Julie Harris

Personal information
- Full name: Julie Lynn Harris
- Born: 7 January 1969 (age 57) Northamptonshire, England
- Batting: Right-handed
- Bowling: Right-arm medium
- Role: All-rounder

International information
- National side: England (1989);
- ODI debut (cap 56): 20 July 1989 v Denmark
- Last ODI: 21 July 1989 v Ireland

Domestic team information
- 1987–1991: West Midlands
- 2000–2001: Staffordshire

Career statistics
| Competition | WODI | WLA |
| Matches | 2 | 20 |
| Runs scored | – | 162 |
| Batting average | – | 54.00 |
| 100s/50s | – | 0/0 |
| Top score | – | 31 |
| Balls bowled | 102 | 852 |
| Wickets | 2 | 21 |
| Bowling average | 16.50 | 18.95 |
| 5 wickets in innings | 0 | 0 |
| 10 wickets in match | – | – |
| Best bowling | 1/12 | 4/13 |
| Catches/stumpings | 0/– | 4/– |
- Source: CricketArchive, 11 March 2021

= Julie Crump =

English cricketer

Julie Lynn Harris (born 7 January 1969) is an English former cricketer who played as an all-rounder.
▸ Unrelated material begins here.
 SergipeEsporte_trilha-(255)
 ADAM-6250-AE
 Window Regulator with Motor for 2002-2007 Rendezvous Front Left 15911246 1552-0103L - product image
She was a right-arm medium bowler and right-handed batter. She appeared in two One Day Internationals for England in the 1989 Women's European Cricket Cup, against Denmark and Ireland. She took 2 wickets at an average of 16.50. She played domestic cricket for West Midlands and Staffordshire.